What Is the Voice Range Profile in Acoustic Voice Analysis?
Voice Range Profile (VRP), or phonetogram, visually presents the physiological limits of the voice system by combining fundamental frequency (F0) and dynamic range data. Voice Range Profile (VRP) can be created with a keyboard and sound level meter or with computer programs that allow for data collection and presentation. Intensity is typically shown in dB, while F0 is displayed as linear frequency (Hz), logarithmic semitones (ST), or a percentage of the total range.
A normal VRP for a voice shows an expanded dynamic range in the mid-frequencies with narrowing at the extremes. As F0 increases, both the lowest and highest intensity values tend to increase. VRP can be described both quantitatively and qualitatively. Variations have been identified based on age, gender, previous vocal training, and the presence of vocal pathology.
What Are Spectrography and Spectral Measurements in Acoustic Voice Analysis?
Spectrography is a powerful analytical technique that provides information about both the glottic source and the vocal tract filter function. A spectrogram is obtained by converting the acoustic waveform from the time domain to the frequency domain using the Fourier theory.

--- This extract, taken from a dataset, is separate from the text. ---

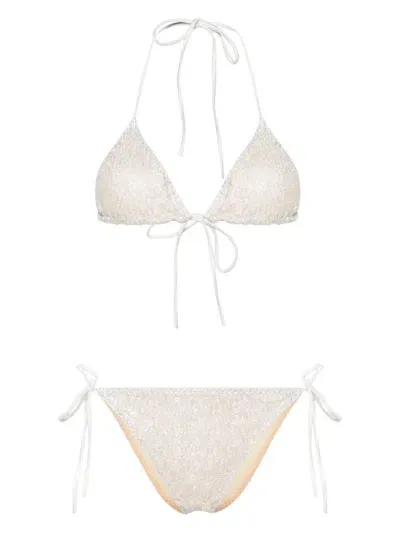 Missoni Lace-effect Lurex Triangle Bikini In Brilliant White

In addition to harmonic and formant information, the spectrogram also provides quantitative information about abnormal voice quality. A normal voice signal contains well-defined harmonics and formants, while a dysphonic voice signal contains weak and irregular harmonic-formant patterns and high-frequency noise.
What Are Perturbation Measurements in Acoustic Voice Analysis?
Perturbation refers to cycle-to-cycle variations in fundamental frequency, amplitude, and waveform morphology. Some level of cycle-to-cycle perturbation is expected even in normal voices. However, high degrees of perturbation are associated with the presence of vocal pathology. Physiopathologically, the presence of perturbation in the voice signal indicates irregularity in vocal fold vibration.
What Are Nonlinear Measurements in Acoustic Voice Analysis?
Nonlinear approaches to acoustic sound analysis are based on the idea that the complex and often unpredictable nature of vocal fold vibration cannot be adequately described using linear approaches (e.g. the source-filter theory of speech production). These analytical approaches originate from nonlinear dynamical theory. According to this theory, the outputs of complex systems are not ordinary, but are due to nonlinear causes arising from the system. These systems are called chaotic and are characterised by their internal states and rules, making them deterministic, nonlinear, unpredictable, low-dimensional (controlled by a relatively small number of parameters) and highly sensitive to initial conditions (small changes increase over time).
Which sound types - acoustic signals - can be analysed in acoustic sound analysis
The sound signals analysed can be roughly divided into three types. Type 1 signals are periodic. Type 2 signals contain strong sub-harmonics and modulations and can be intermittent. Type 3 signals are chaotic. A spectrogram can be used to classify the signals. For perturbation analysis the signal must be Type 1.